According to information from the Laboratory Products Association (LPA), each of the 27 centers and institutes that make up NIH will see a budget increase of at least three percent. While representing an almost five percent increase over last year’s budget, this is not the largest year over year increase the NIH has seen over the last 10 years, according to data from the LPA. The biggest jump occurred in 2018, when the budget rose by around eight percent, while 2013 saw the largest decrease in the past decade, with the NIH’s budget being cut by five percent.

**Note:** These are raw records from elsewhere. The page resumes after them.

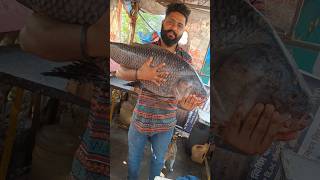 Big katla Fish Cutting Skills By ExpertFish Cutter | Amazing Fish CuttingSkills #fishcutting #fish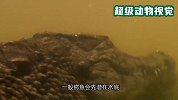 美洲豹跳河抓鳄鱼，鳄鱼拼死抵抗，最终还是被美洲豹打败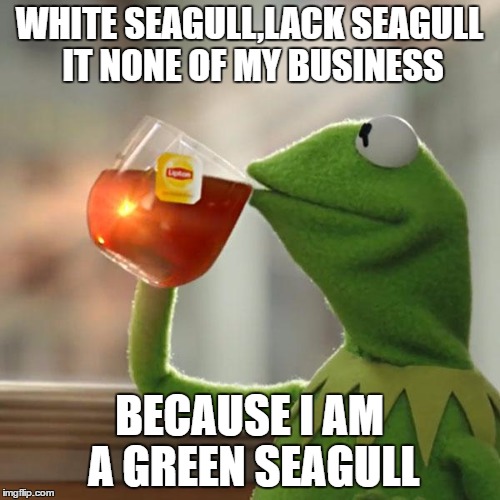 WHITE SEAGULL,LACK SEAGULL IT NONE OF MY BUSINESS BECAUSE I AM A GREEN SEAGULL | image tagged in memes,but thats none of my business,kermit the frog | made w/ Imgflip meme maker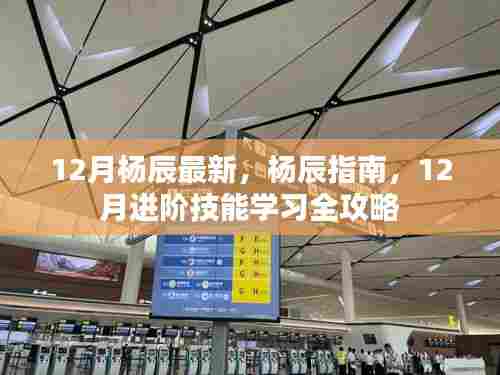 杨辰进阶指南,12月技能学习全攻略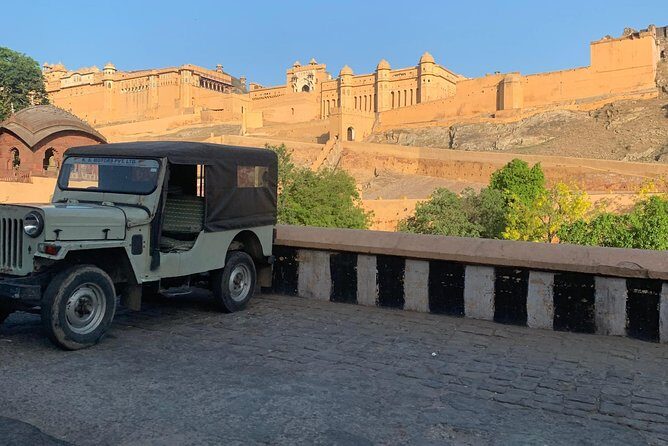 Jaipur Sightseeing By Car, Driver and Guide - Jal Mahal: a photography-friendly break and the optional camel ride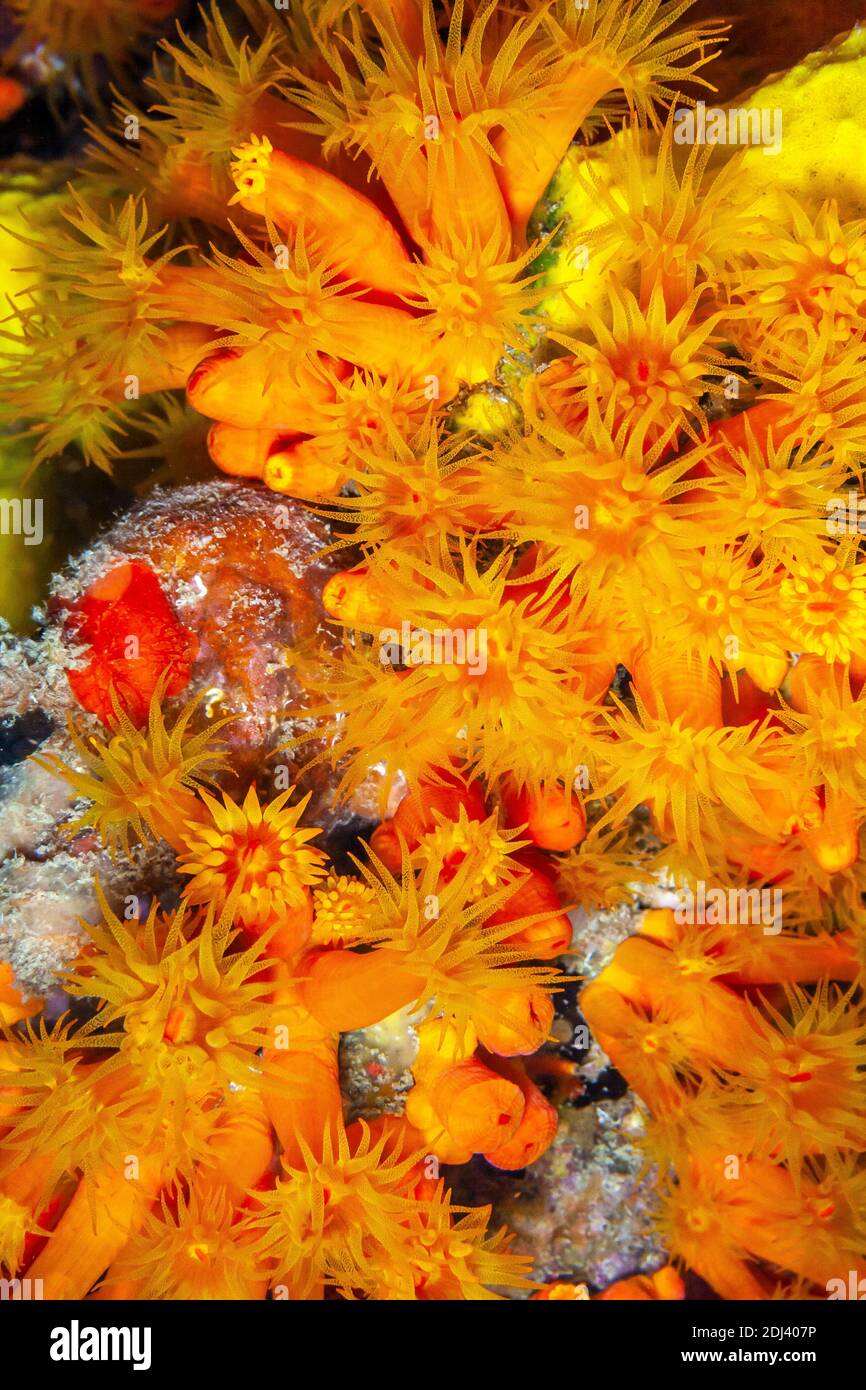 Orange cup coral,Tubastraea coccinea,belongs to a group of corals known as large-polyp stony corals Stock Photo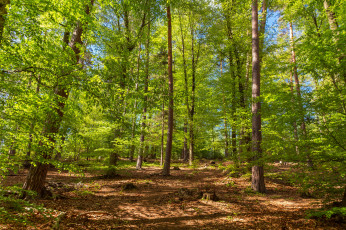 Картинка природа лес деревья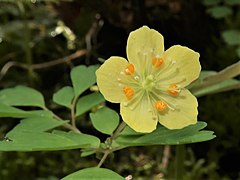 花弁状のものは萼片で、花弁は内側のオレンジ色のもの。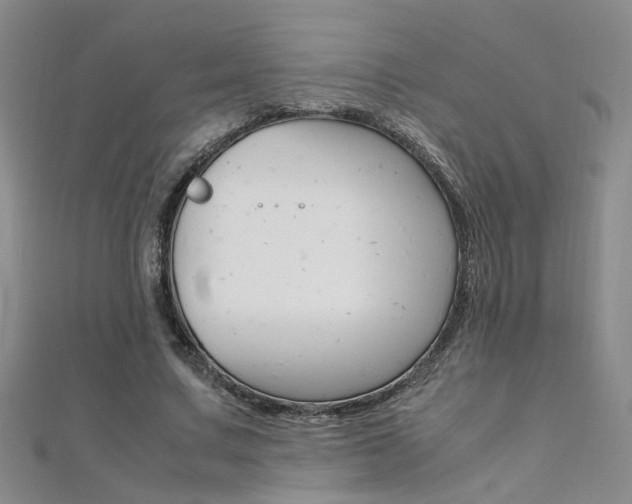 X0000112170683200908071000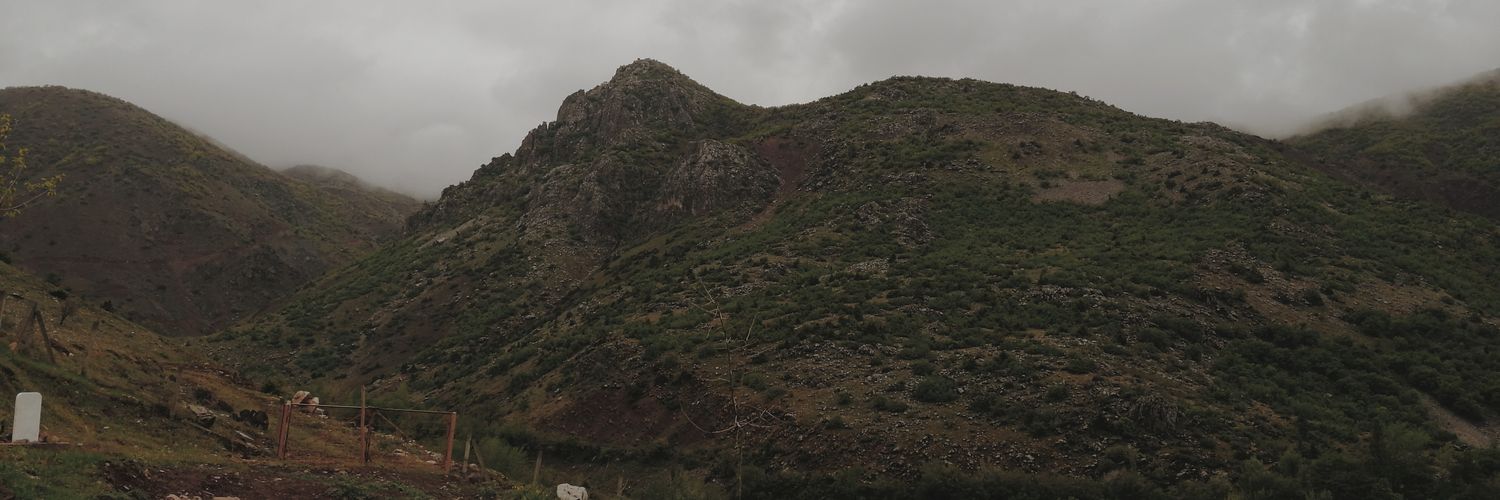 enisiha's profile banner image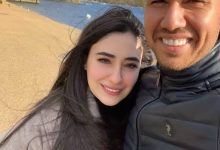 محمود تريزيجيه: نبذة سريعة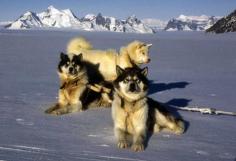 Antarctic husky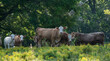 A group of cattle, cows or livestock on green tree lined pasture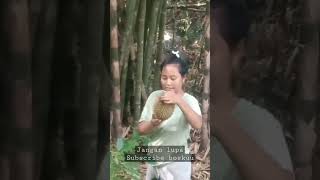 mencari durian di alam yang jatuh dengan sendirinya #alam #durian #hutan #camping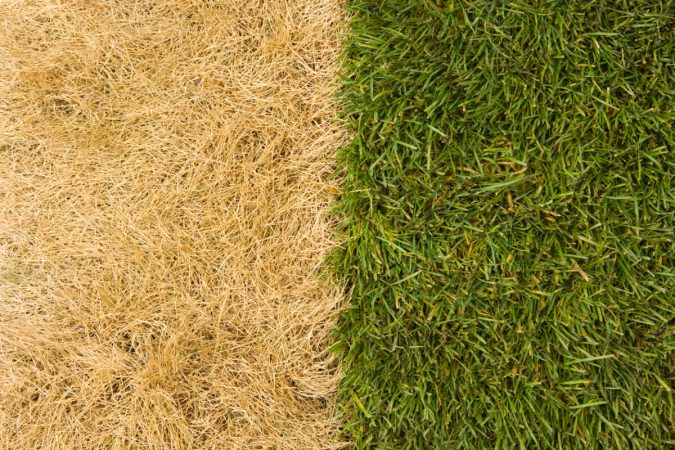 Is Dog Pee Killing Grass in Your Yard? Here’s How to Fix It
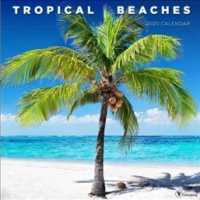 Tropical Beaches 2020 Calendar （WAL）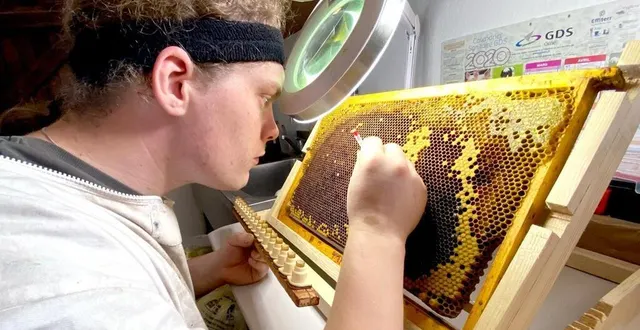 photo  la technique du greffage, dans un élevage de cellules royales, nécessite de la part de l’opérateur une très bonne vue et du doigté. ici, mike vivien à montsecret-clairefougères.  &copy;  mike vivien 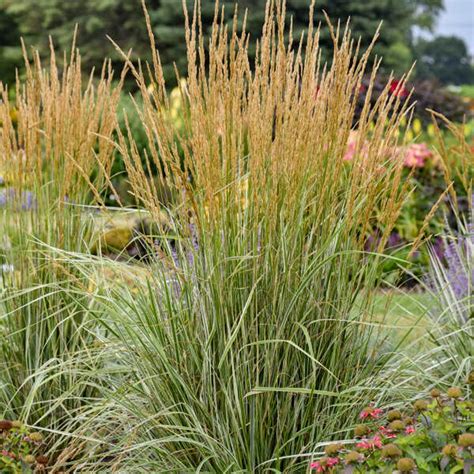 Calamagrostis Hello Spring Feather Reed Grass Sugar Creek Gardens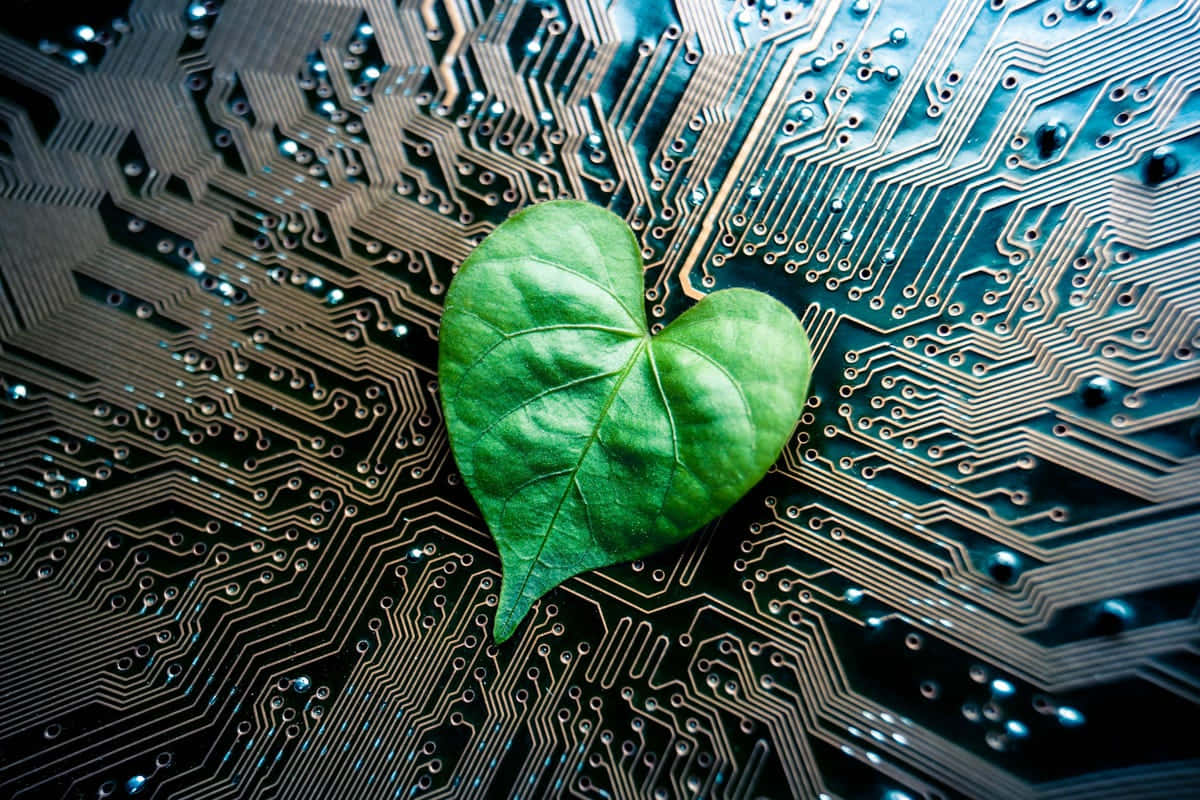 Green Technology 桌布 壁紙 — 一片充滿活力的綠色心形葉子放在精緻的藍色和金色電路板上，象徵自然與科技的和諧。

For the U.S. Department of Health and Human Services overall, according to information from the Association of American Medical Colleges, the funding includes:
- The $45 billion total budget for NIH, which includes $606.7 million for NIH’s Clinical and Translational Science Awards program and $410.4 million for its Institutional Development Award program
- $1 billion and “some limited authorities” within the Office of the Health and Human Services (HHS) Secretary to set up the Advanced Research Projects Agency for Health
- $8.4 billion for the Centers for Disease Control and Prevention
- $350 million for the Agency for Healthcare Research and Quality
- $1.3 billion for various Health Resources and Services Agency programs
The bill also temporarily extends some telehealth policies put in place for the current COVID-19 pandemic, among other health care provisions.